There is a little shop on the first floor of my building that is run by a husband and wife. They are THE sweetest people I have met here. When I returned to China after winter break, the first time I entered the shop, the man was so excited to see me, which is not a reaction I expected from anyone here, let alone the convenience store man. He grabbed my arm and led me to the back room, where I assume he and his wife live. I did not know what was going on, until he came back out carrying his brand new baby boy! He was such a proud papa and was overjoyed when I offered one of the few Chinese sentences I know: “Ta hen piao liang.” (He is beautiful.) While it is not correct at all, I think he understood my point.

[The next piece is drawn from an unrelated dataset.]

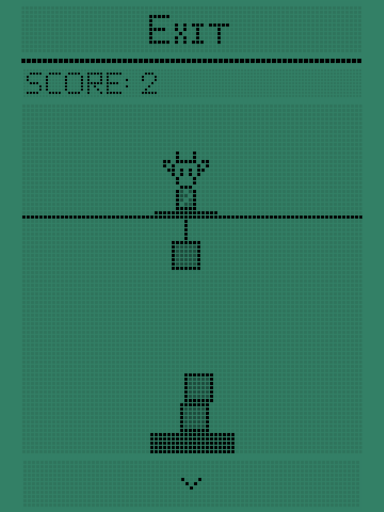 Screenshot 21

In recent weeks, he has become the makeshift spokesman for my community, perhaps because they know I frequent his shop. For his role as the spokesman, he has begun picking up English words here and there and trying them out on me. I think he learns new phrases as the need arises. For example, one day I saw one of the security guys in his shop, and the very next day the shopkeeper asked me what I do for a living. I am sure he was told to ask me because everyone is dying to know where I am from and what I do. As I said, they are curious kittens around here. The funniest part about his little inquiries is that he always seems completely shocked that his questions elicit actual responses. Luckily, most of his questions are things that I am able to answer in Chinese as well, so when he does not understand my English responses, I can tell him in Chinese also.

***

This is what you find in China when you are in villages and smaller cities. These are the people when they are not too busy to be kind and too crowded to be polite. It is not often found in the stinking, polluted cities where most people have to live to work. But if you look hard enough, or stay long enough, a community does begin to take shape, and they are wonderful. When I look back on China, I hope that these are the people and the memories that stay with me.